Repeat the data that follows exactly, starting at the line with "How do I take" and ending at the line with "Finca rústica en Felantix. - BALEARES", and leave out every picture.

Dataset entries:
════════════════════

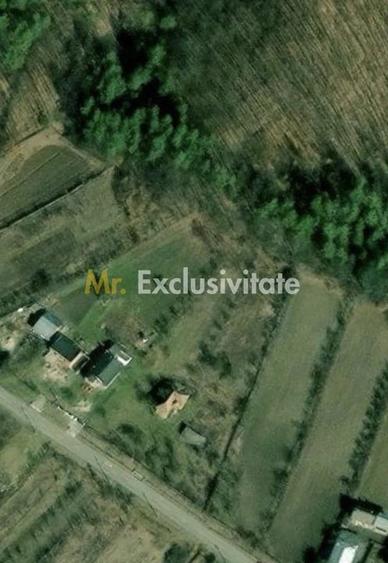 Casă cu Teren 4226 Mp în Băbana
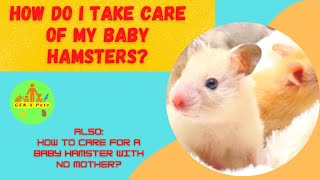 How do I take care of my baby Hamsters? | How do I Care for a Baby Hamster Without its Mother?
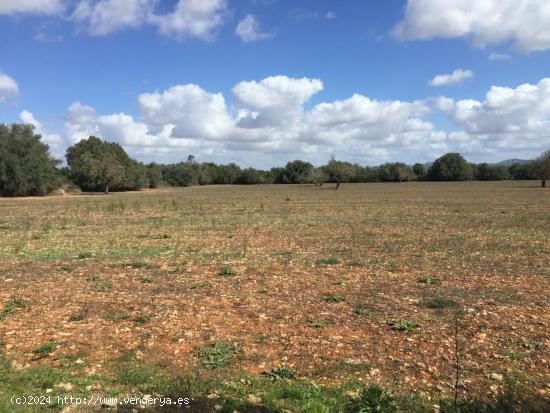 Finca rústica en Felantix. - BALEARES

════════════════════

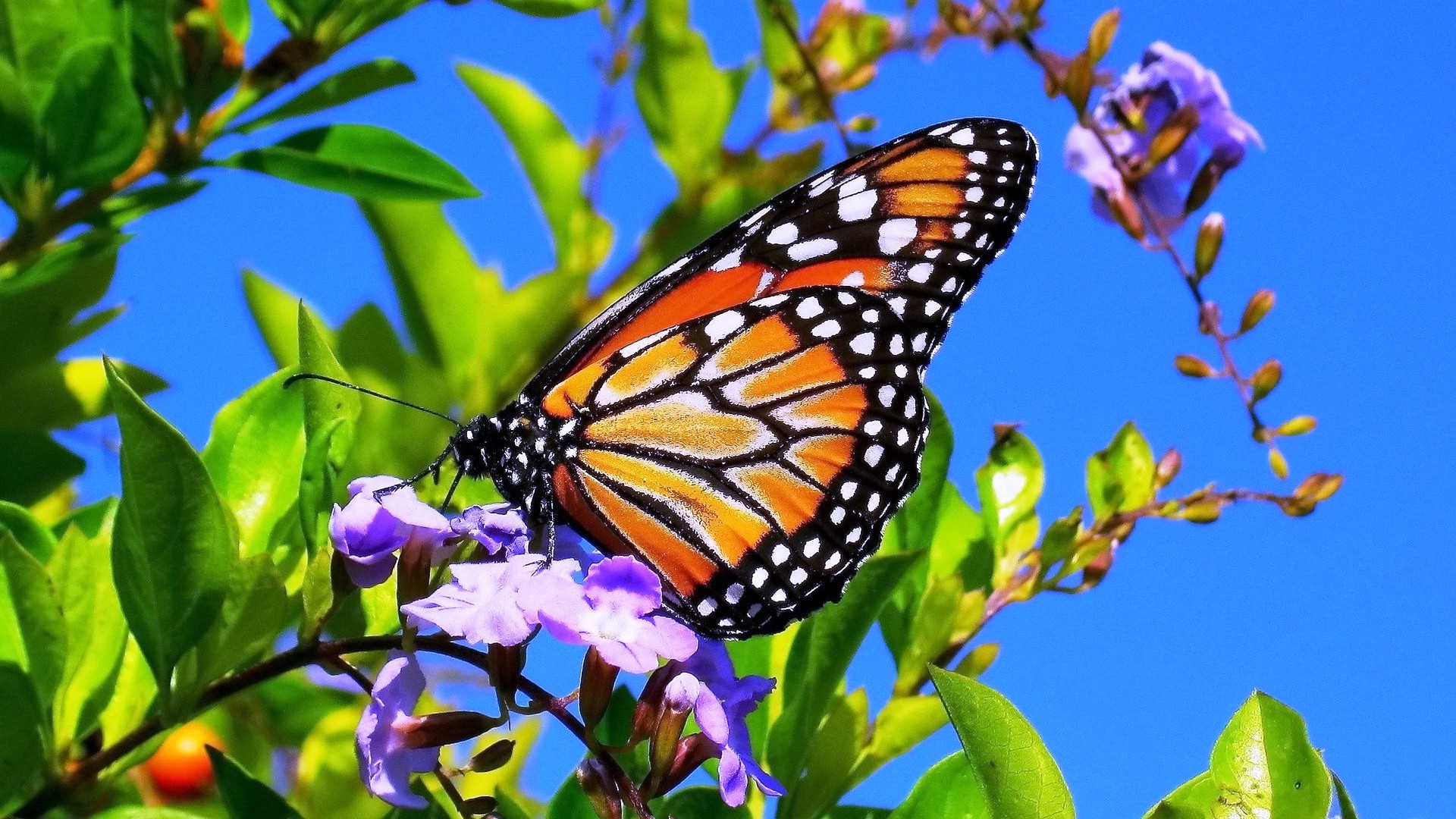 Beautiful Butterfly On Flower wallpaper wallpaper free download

════════════════════

Response to this exercise:
 How do I take care of my baby Hamsters? | How do I Care for a Baby Hamster Without its Mother?
 Finca rústica en Felantix. - BALEARES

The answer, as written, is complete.